Tis the season to check out Christmas in cinema! There’s a whole ton of festive films out there revolving around this time of year, ten of which I’ve picked out here as my cherished favourites! Oh and keep one thing in mind: A Christmas movie is a subjective thing and each individual is allowed to have whatever the hell they want in their Yuletide canon without a bunch of blockheads screaming “That’s not a Christmas movie” to the winds. Home Alone is a Christmas movie to many and perhaps to some The Mummy or Top Gun are also Christmas movies too for whatever personal reason or memory they hold dear. Anything you damn well please can be your “Christmas movie” and don’t let anyone tell you otherwise. Got it? Good! Enjoy my list 😉

10. John Frankenheimer’s Reindeer Games

An underrated one, to say the least. Pulpy, nihilistic and packed with ironically nasty energy substituting for holiday cheer, I love this ultra violent heist/revenge flick to bits. Ben Affleck, Charlize Theron and an off-the-chain Gary Sinise are various degenerate characters involved in a casino robbery and the ensuing aftermath, murder, betrayal and tough talk. They’re all having a blast and there’s great supporting work from Danny Trejo, Donal Logue, Isaac Hayes, James Frain, a scene stealing Clarence Williams III plus the late great Fennis Farina.

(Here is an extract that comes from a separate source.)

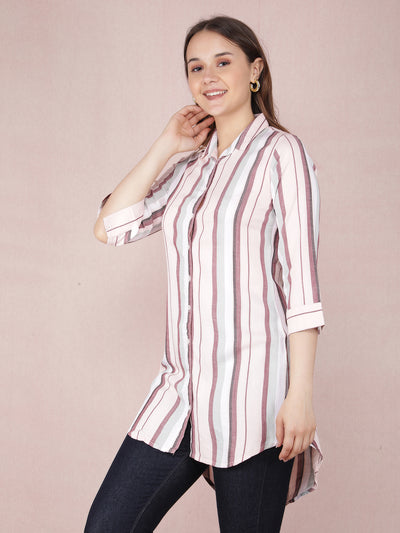 Peach Vertical Stripes Long Shirt-Women Shirts-Crimsoune Club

9. Bob Clark’s Black Christmas

A Christmas slasher yay!! This predates John Carpenter’s Halloween as the original genre prototype and is just such a fun, spooky old stalker flick with healthy doses of camp, plenty of creaky atmospheric portent and one of the freakiest villains the genre has to offer based on his voice alone. It’s Christmas break for a house of sorority girls in small town Ontario, which should mean rest, relaxation and good times. A deeply disturbed prank calling serial killer has other ideas though, tormenting them with perverse phone-calls and eventually outright hunting them through the drafty halls of the manor. Starring the beautiful, classy Olivia Hussey, Keir Dullea, John Saxon, Margot Kidder and Nick Mancuso as the killer’s terrifying phone voice, this is a holiday classic for me, it practically fills up your living room with atmosphere when you put it on.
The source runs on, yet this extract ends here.